Pratt creates ‘traditional’ compositions with non-traditional elements. “Something I’m interested in is substituting—substituting manmade objects for things in the environment,” said Pratt. “You’re playing with people’s expectations of what they think should be there. As long as it matches the notion our brain will put (in) whatever it thinks should be there.” In Below a Drift, 2017, a viewer sees a wave crashing on the shore, but it’s really a snowdrift. The movement is enhanced by the perfect placement of the horizontal lines above the snow, said Pratt. In Modern Architecture, Fogo, 2015, he pushes the forms together so perfectly he creates a different kind of tension. The manmade structure is so grand and overwhelming it becomes one in power with the ocean and the sky. Pratt’s composition erases the vanishing point and “flattens” the perspective creating a new division of space.

In Yellow Berm, 2013, there is a light dusting of snow on top of the berm, but it reads like the ocean when you look down from the sky. Pratt saw potential here and took a quick shot but returned later, even though the drive to get there took an hour. Not properly dressed for the cold he knew he had to revisit this scene. He carefully composed it while lying on the ground on reusable Sobeys bags. Pratt’s not deceiving you. Again, he gives you a clue with the title of this piece. The open composition and the lack of scale in the scene might throw off a viewer, until you figure out what the endless yellow line is that you are seeing.

“I love making photographs,” said Pratt. “The photographs that become puzzles are my favourite ones, the ones that leave you wondering what you’re looking at. I do them instinctually. They’re games.”
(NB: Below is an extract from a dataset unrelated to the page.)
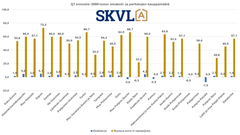 Uudemmat omakotitalot ovat kysytyimpiä.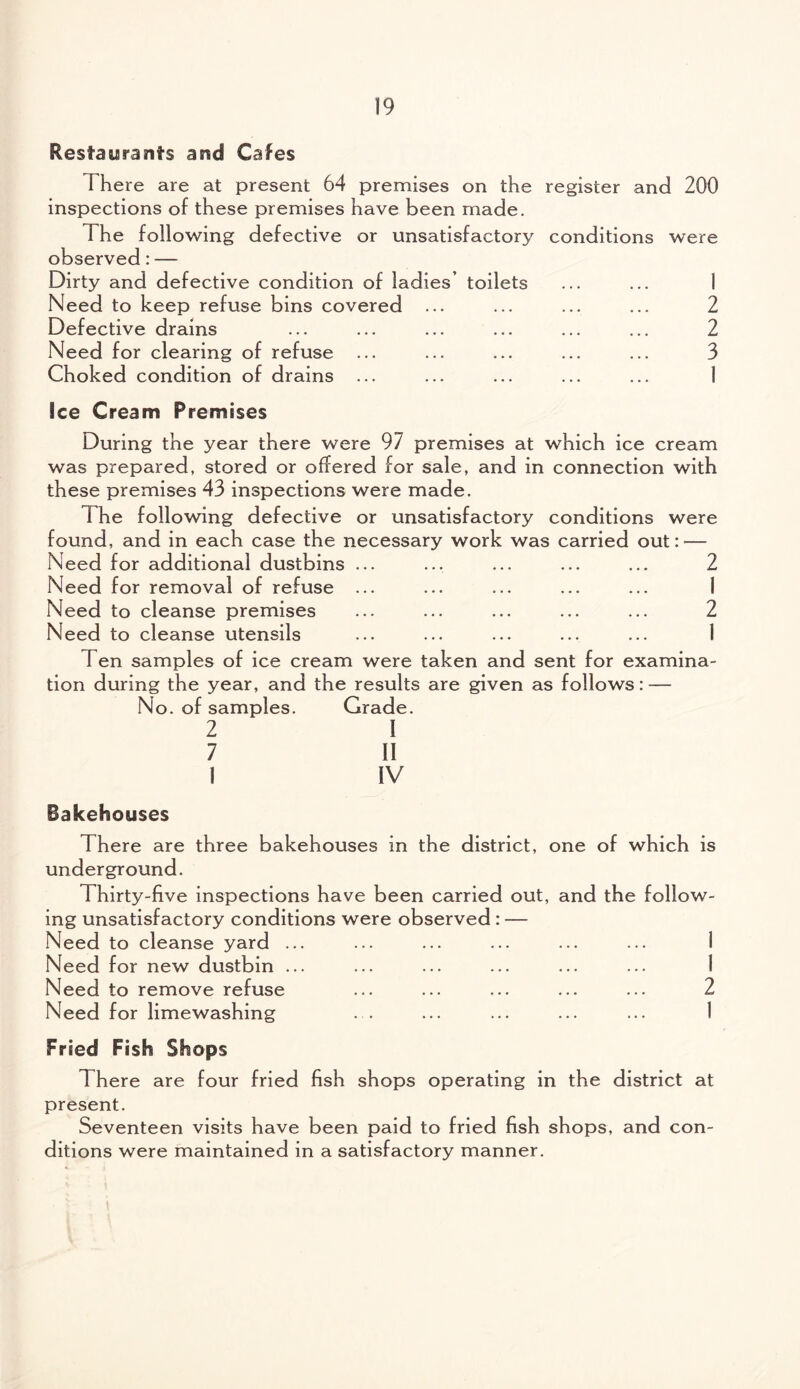 Restaurants and Cafes There are at present 64 premises on the register and inspections of these premises have been made. The following defective or unsatisfactory conditions observed: — Dirty and defective condition of ladies’ toilets Need to keep refuse bins covered Defective drains Need for clearing of refuse Choked condition of drains ... were 2 2 3 1 Need for additional dustbins ... Need for removal of refuse Need to cleanse premises Need to cleanse utensils See Cream Premises During the year there were 97 premises at which ice cream was prepared, stored or offered for sale, and in connection with these premises 43 inspections were made. The following defective or unsatisfactory conditions were found, and in each case the necessary work was carried out: — 2 • • • ••• ••• • • • M ... ... ... ... 2 ... ... ... ... imd ... ... ... ... Ten samples of ice cream were taken and sent for examina¬ tion during the year, and the results are given as follows: — No. of samples. Grade. 2 1 7 II I IV Bakehouses There are three bakehouses in the district, one of which is underground. Thirty-five inspections have been carried out, and the follow¬ ing unsatisfactory conditions were observed : — Need to cleanse yard ... ... ... ... ... ... 1 Need for new dustbin ... Need to remove refuse ... ... ... ... ... 2 Need for limewashing ... ... ... ... ... 1 Fried Fish Shops There are four fried fish shops operating in the district at present. Seventeen visits have been paid to fried fish shops, and con¬ ditions were maintained in a satisfactory manner.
In the preface to One Wave, Pratt gives readers a map to his photographic approach. The title, Looking for Seeing, describes what National Geographic veteran Sam Abell does when he’s waiting for the elements of a scene to come together or what Freeman Patterson talks about in his book, Photography and the Art of Seeing. Many photographers and critics use the term, ‘seeing.’ For Patterson this involves throwing off the noise and pressures that crowd your mind and getting into a state where you are alone with the world in front of you. Suddenly, you can see, and have room in your mind to create. It’s almost a meditation, and very different from commercial or journalistic photography where your images match the intentions of someone else for a particular purpose. “I feel responsible”, said Pratt, “for every image I make, and for the messages that accompany them. That’s what I like about doing my personal photography. It’s about making things that are calm and accessible and challenging and harmless.”